Guy Ritchie revisits his London gangster-comedy plot with The Gentlemen. The movie stars Matthew McConaughey, Charlie Hunnam, Hugh Grant and Colin Farrell playing characters caught in a complicated sale of a drug empire. Ritchie’s central protagonist is Mickey, whose attraction to his increasingly upper-crust way of life leads him to seek an exit from his chosen profession as a marijuana kingpin. The role was originally conceived for a British actor, but the filmmakers eventually decided that making the character American created exciting and unexpected directions for Mickey. Guy Ritchie Goes Back to Gangland with Colin Farrell in ‘The Gentlemen’.

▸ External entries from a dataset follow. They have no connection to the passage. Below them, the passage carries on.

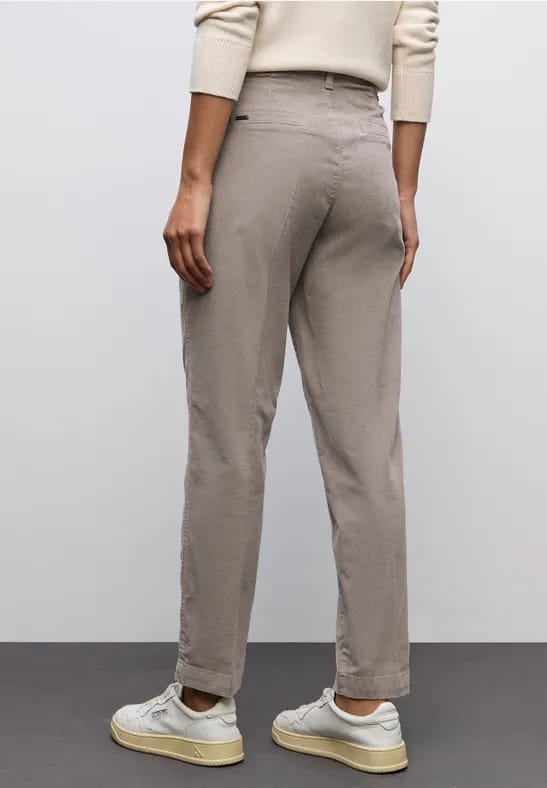 Zachte fluwelen chino
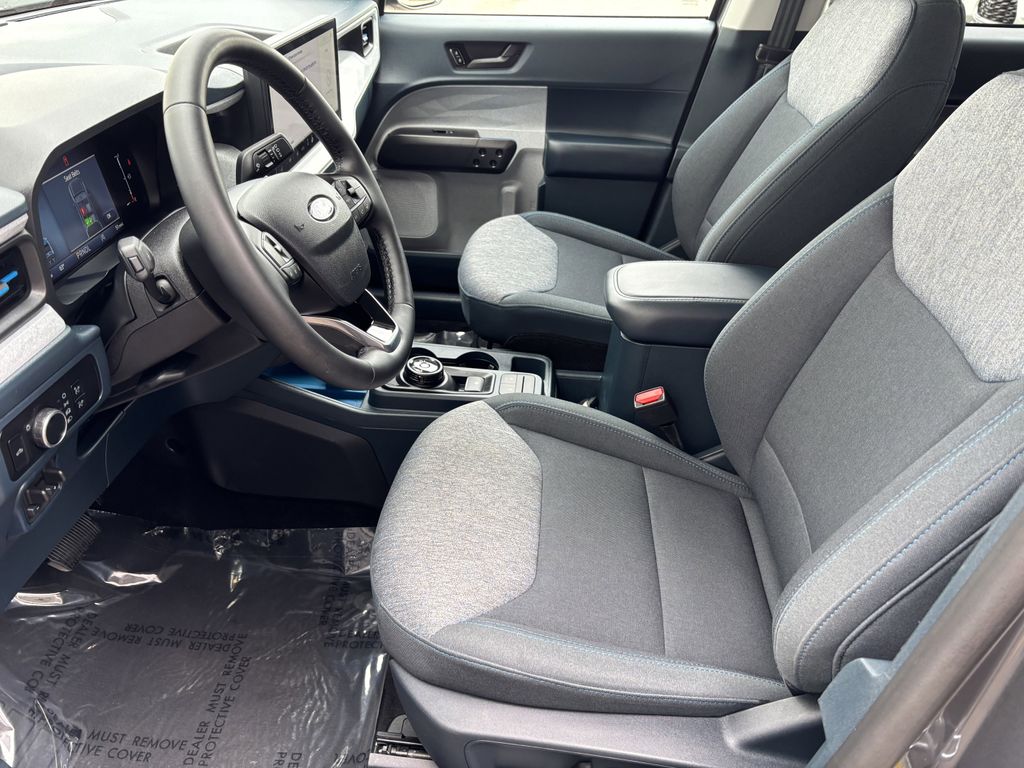 2025 Ford Maverick XLT - Photo 12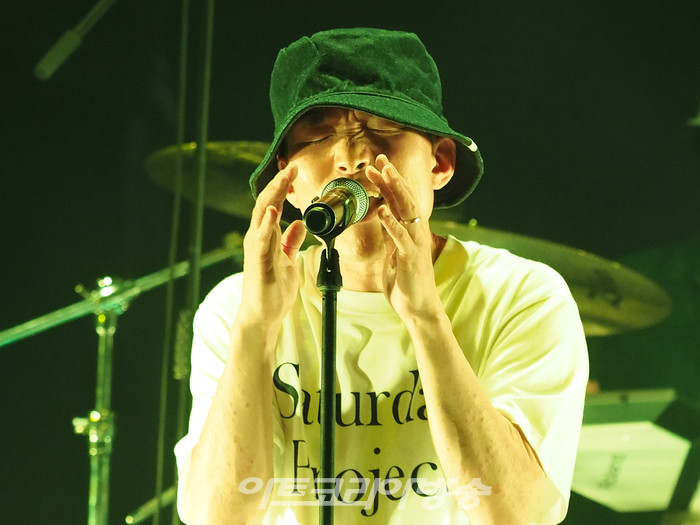 [AK화보] 이날치 '토끼, 자라, 호랑이, 독수리, 용궁'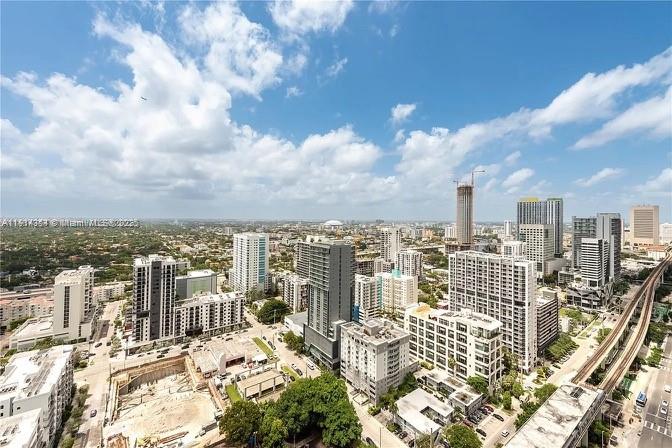 THE AXIS ON BRICKELL COND - Residential Lease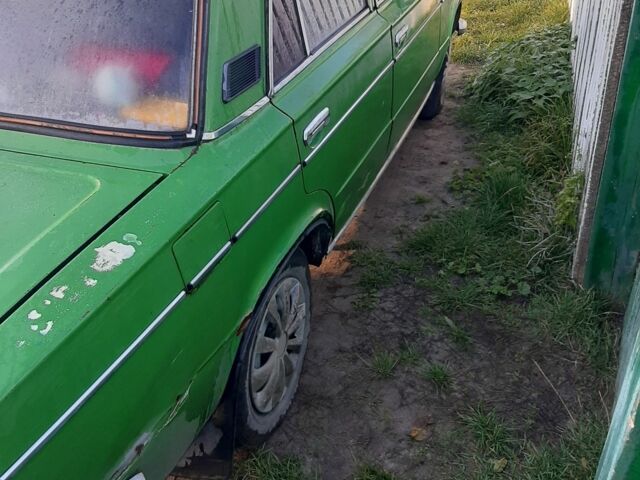 Зеленый ВАЗ 2103, объемом двигателя 1 л и пробегом 2 тыс. км за 350 $, фото 1 на Automoto.ua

Upon reading the script, Matthew McConaughey came aboard and immediately had some ideas for the character. “Mickey is an American selling England to the English," the Academy Award-winning actor summarizes. "As we know, sometimes it takes someone’s romanticized point of view to show value to the things we have around us, and Mickey does just that. He moved to London twenty years earlier, is Oxford-educated, and has infiltrated the upper echelons of the aristocracy – the toffs. He started developing marijuana farms with the idea that there are thousands of estates in the UK, and Mickey would rent their properties for a million pounds a year and build ‘skunk’ farms underneath them. Mickey’s toff partners didn’t have to do anything; he just needed their land and they wouldn’t even know what was happening. Mickey’s business grew to become an empire.”

After the big-budget success of Aladdin, Guy Ritchie directed The Gentlemen off of his own screenplay, which is based on a story credited to Ritchie, Ivan Atkinson & Marn Davies. Ritchie produced the film with Ivan Atkinson and Bill Block. PVR Pictures releasing ‘The Gentlemen’ nationwide on the 24th of January.